Agreement Provides Clarity

The ‘2020 Agreement Respecting Multi-Jurisdictional Pension Plans’ provides clarity around funding requirements for members from other jurisdictions, thus ensuring greater ease in administering multi-jurisdictional pension plans, says the Pension Investment Association of Canada (PIAC) in a letter to the CAPSA. PIAC has encouraged the pension jurisdictions in Canada to adopt this multijurisdictional agreement for some time now and it says it is pleased that the 2020 agreement has been adopted. It looks forward to completing full national ratification.

Mockery Made Of Traditional Safe Havens

The market mayhem in March triggered by the coronavirus pandemic made a mockery of traditional safe havens, says Cerulli Associates. COVID-19 caused an unprecedented exodus from both European bond and equity funds, which traditionally move in opposite directions with outflows hitting all asset classes. However, alternatives, safeguarded by the different redemption terms and valuation cycles of closed-end fund structures and private markets, were not dumped to the same degree as their liquid siblings. Even bonds, long believed to be a safe haven as they hold their value in times of volatility were hit with sharp falls and ensuing outflows hit every bond category.
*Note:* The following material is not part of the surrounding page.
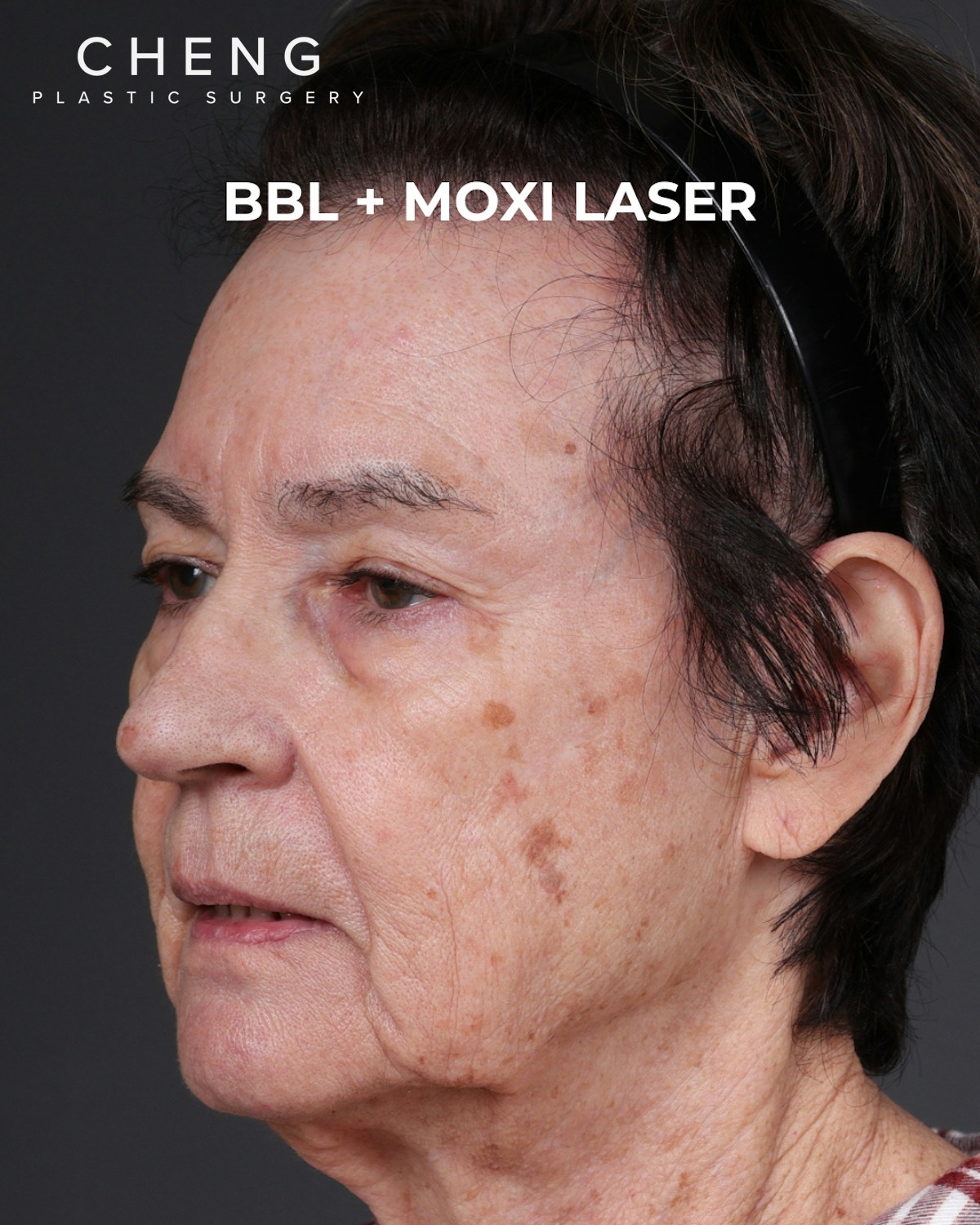 Pigment Laser Before & After Gallery - Patient 182306 - Image 3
High-yield investors in euro-denominated mutual funds in riskier areas, such as emerging markets and corporate debt, were hardest hit.
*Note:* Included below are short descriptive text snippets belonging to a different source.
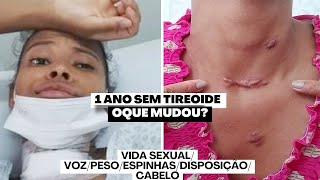 COMO É VIVER SEM TIREOIDE   1 ANO DE TIREOIDECTOMIA  CÂNCER NA TIREOIDE [upl. by Yenot]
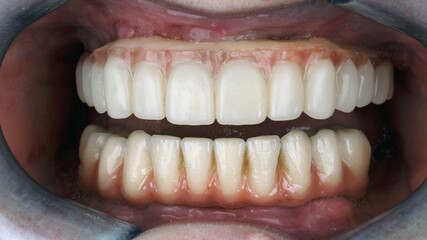 temporary dental prosthesis of the upper jaw made of polymer and permanent prosthesis of the lower jaw © Dental Pro Content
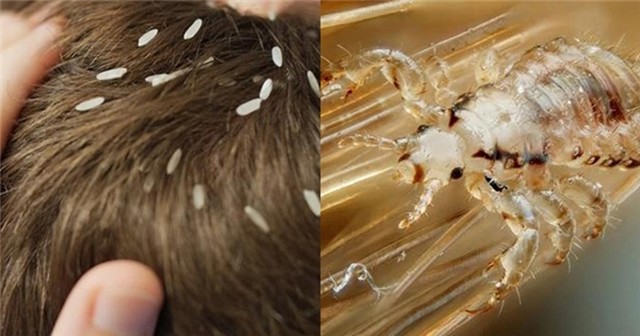 bai-viet/con-chay-sinh-ra-tu-dau-nguyen-nhan-va-cach-phong-ngua-46802.html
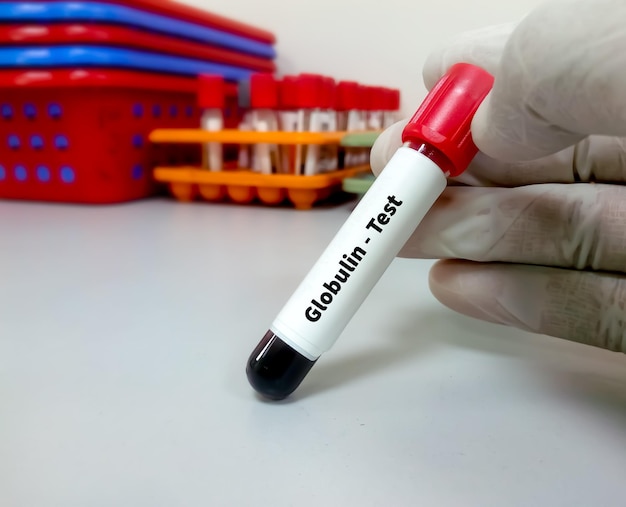 Blood sample for globulin test for the diagnosis of liver\
disease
Attention Turns To Recovery

With leading indicators bouncing off record lows and governments easing lockdowns, attention is turning to the shape of the recovery and post-crisis landscape, says the ‘AB Global Economic Outlook June 2020.’ Key factors for the pace and durability of recovery will be the effectiveness of policy support for households and firms as well as the extent to which the virus can be contained as restrictions are lifted. But even in a best-case scenario, recovery is likely to be slow and uneven, with some of the jobs and activity displaced in recent weeks likely to be permanently lost. That’s why timely post-crisis fiscal stimulus is vital, it says. Fiscal spending will add to the rising strain on public sector balance sheets, putting even more pressure on central banks to keep interest rates close to or below zero. However, rising debt is not the only way in which COVID-19 will leave its mark on the global economy. Behavioural change is inevitable, but the crisis is also likely to give added impetus to key secular trends: populism, deglobalization, and geopolitical conflict.